For reviews and other information on ex nihilo, visit the Frontenac House website (here). To purchase a copy visit your local independent bookstore or online at Chapters/Indigo(here) and Amazon(here). You can also visit her blog at www.adebe.wordpress.com (here).
TTQ- Your debut collection of poetry ex nihilo has been described by some critics as being bold, beautiful, intimate, political, and idealistic. How would you best describe the poetry contained within ex nihilo and explain how you came up with the title for the book?ADEBE D.A.- Ex nihilo (Frontenac House, 2010) is involved in questions surrounding art and identity as creations ex nihilo (Latin for “out of nothing”). It is also a book attuned to the presence of ghosts, bygone eras, and figures from old times that reappear in our lives on a daily basis, while maintaining, at its core, the will to move onwards. The possibility that the present is a continued struggle against nihilism, marked by the will to create, offers important questions about identity and heritage: what does it mean to exist in the present? Out of what matter do we form our identities? How are we different now than in the past? And, finally, what “pasts” unite us, and which legacies might we still identify with, even if we never experienced them? In attempting to seek something intelligible from chaos, the poems – in different thematic and stylistic ways – collectively represent the will to triumph against the will to nothingness, and by so doing, dispense a renewed meaning and meaningful presence to all things physical and metaphysical… the world as it appears, and how we appear to ourselves in the world. The creative process is what I am most intrigued by, and what served as the very inspiration for the title and concept of ex nihilo as a whole.
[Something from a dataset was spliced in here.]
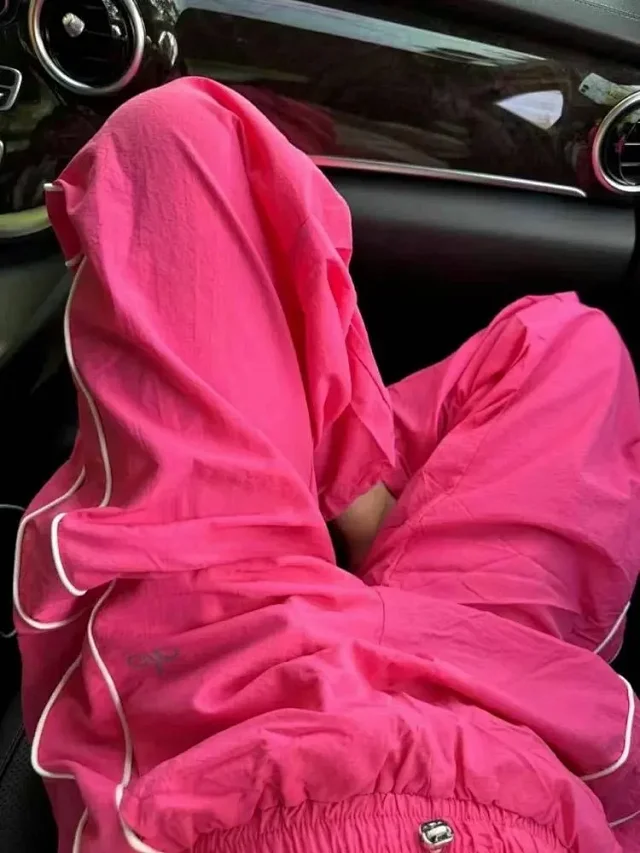 Alo Trousers Loose-fit drawstring with contrast piping product detail image 9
TTQ- Is it more difficult today being a young, female poet of mixed race, who has a socio-political message in her poetry, to be accepted on a wider scale or is your audience generally more apathetic when it comes to social or political issues? Do you feel like you're managing to break new ground with your poetry and are people relating to your message?
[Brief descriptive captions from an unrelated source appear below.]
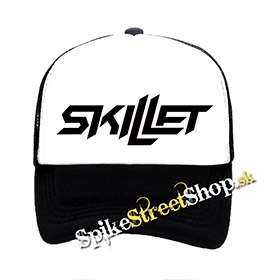 SKILLET - Logo - čiernobiela sieťkovaná šiltovka model "Trucker"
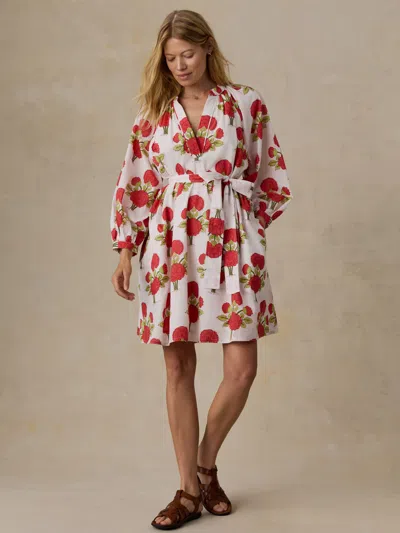 Faherty Voile Kaia Mini Dress In Red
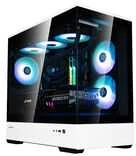 Zalman P30 PC-case, Mini-Tower, mATX, Tempered Glass - juodas baltas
ADEBE D.A.- Charged with the political, ex nihilo has a particular message in its consideration of how art can respond to the annihilation of particular identities struggling to exist in an impossibly post-racial world. In many ways, the struggling identities I refer to are not really the minority but those who make up the wider scale of identities who, as framed by the question, may somehow find it difficult to accept my work. In any case, being a young, female poet of mixed race, it is in many ways no more difficult than being young, or being mixed-race, or being a poet. I do think that poetry finds its meaning in breaking new ground and locating itself as a necessary channel for communication. While every book is in some way the author’s personal narrative, it is imperative that the writing offers a literal or figurative quest or set of questions.
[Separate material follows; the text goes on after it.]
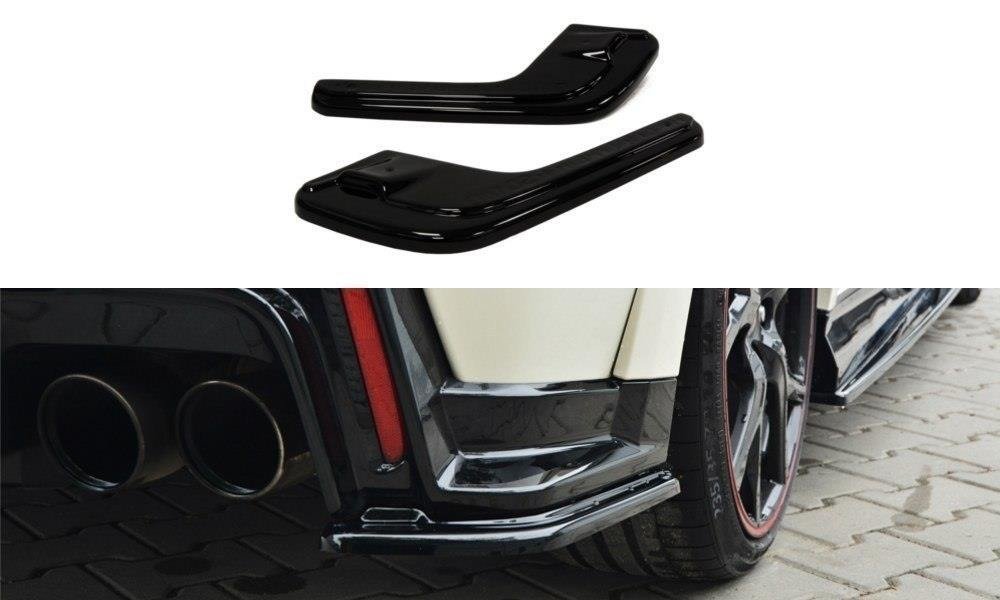 Maxton Design Heck Ansatz Flaps Diffusor passend für HONDA CIVIC IX TYPE R schwarz Hochglanz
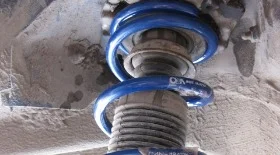 Замена задних пружин Ниссан Альмера Классик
A number of poems in ex nihilo work through the ambiguity of interracial identity in particular, and racial identity more generally. These questions have been asked throughout history – questions of genealogical lines of racial “purity” and the concept of racial identity prima facie – and yet somehow are still relevant today. Poems like “Open Letter” and “Ex Libris” take apart the arbitrary racial (and racialist) theories that have contributed to the presence (and absence) of race in literature and language, as well as how we think about race today. Other poems question the polarities of black/white more playfully, even when underscored by the uncertain position of in-between. These questions are still important to consider today. For example, the designation of Barack Obama as the first Black President of the United States – despite his mixed-race background – is testimony to the continued ambiguities about how mixed people identify – or are asked to identify – today. From a specifically Canadian context, the book looks forward to the possibility of new poetic conventions and metaphoric structures to re-imagine the face of Canada’s so-called multicultural milieu. While not a book of political poems proper, it is attuned to various political questions from the edges, and vis-à-vis literary experiments. To return to the question of audience, the quest for identity is essentially about relating. Identity is merely a term that seeks to convey the self’s relation to itself, which is to some extent a fantasy; a private rendering of public discourses about “the self.” Identity is always social and to some extent performative; as such, it lives through an audience, a readership.TTQ- What are your thoughts concerning the violence at the G20 protests in Toronto this past June? Did the riot cops go too far in the way they reacted and should there be a public inquiry, and in your opinion, what is the role of the poet today when it comes to protesting important socio-political issues in the streets?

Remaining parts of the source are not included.